A. The foreign and U.S. entity must have a qualified relationship, as a branch, affiliate or subsidiary. There are a number of ways to create the requisite relationship, and immigration will focus on the ownership and control of the foreign and US entities; B. Within the 3 years preceding the petition, the employee must have worked continuously for the foreign employer for at least 1 year in either an executive or managerial capacity; C. The employee intends to enter the U.S. to work for the U.S. company in either an executive or managerial capacity; D. The foreign company must continue to conduct business during the transfer period
Authorized Length Of Stay and New Office Requirements
Executive or managerial transferee workers (and their designated immediate family members) may remain in the U.S. for a period not exceeding seven (7) years. If the U.S. company is a “new” office (i.e. has not been active for more than one year), the initial L visa will be granted for 1 year. After this one year period, the petitioner must show that the company is actively doing business (i.e. showing growth in the number of employees, increase in revenues and increase in the volume of goods sold or services provided). If the U.S. company is not a new office, then the initial period of stay will be 3 years.

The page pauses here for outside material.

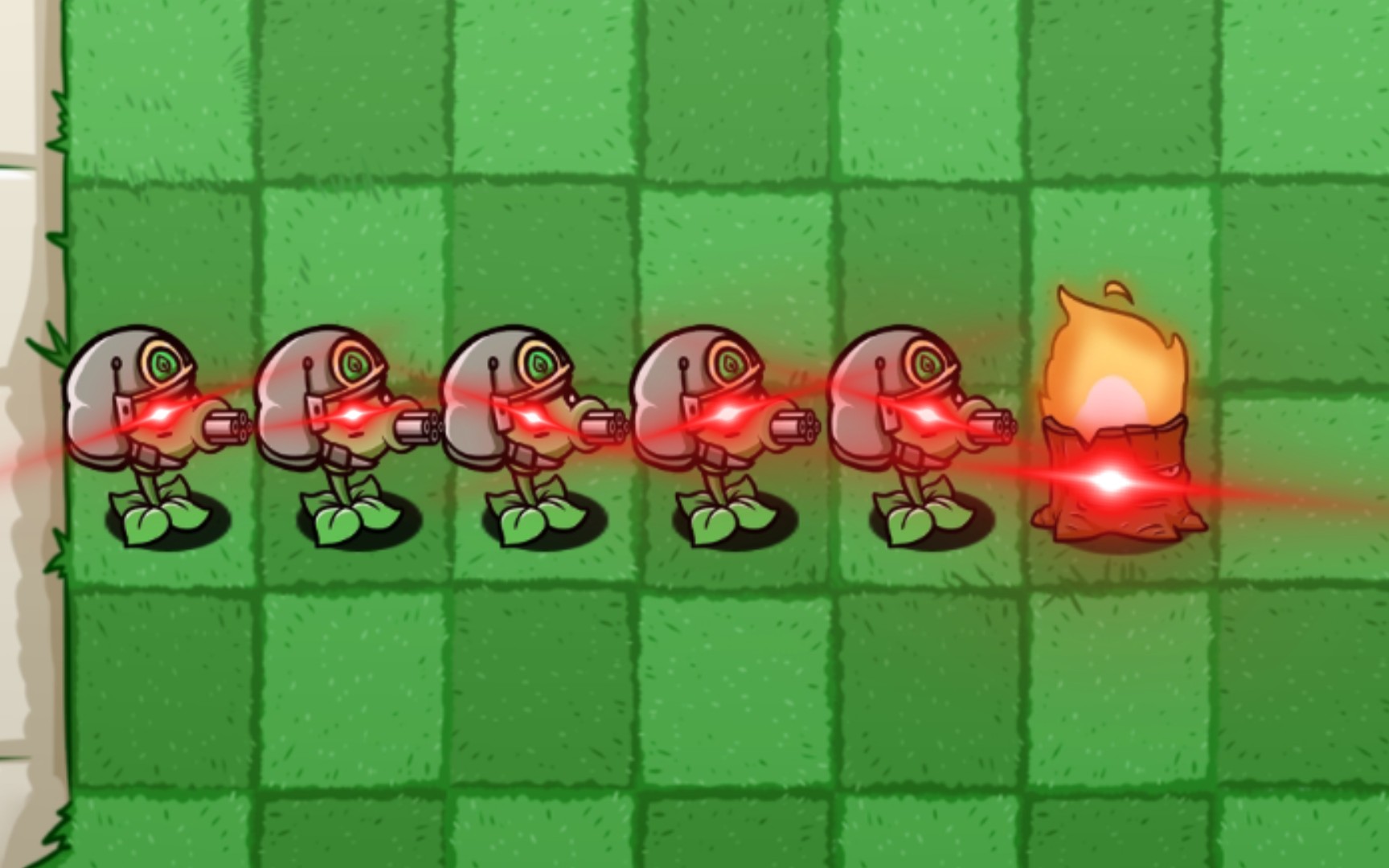 十个机枪豌豆对战僵尸,没想到赢赢的居然是它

Benefits of L1-A: US Permanent Residency
Often, a L visa company employing a manager or executive wishes for that transferee to remain in the U.S. permanently. In many instances, the L1A may be converted to permanent U.S. residence (more commonly known as the “green card”). Permanent U.S. residence enables foreign nationals to reside, work, and study in the U.S. The requirements for qualified L managers or executives to apply for the green card are essentially the same as for the L visa.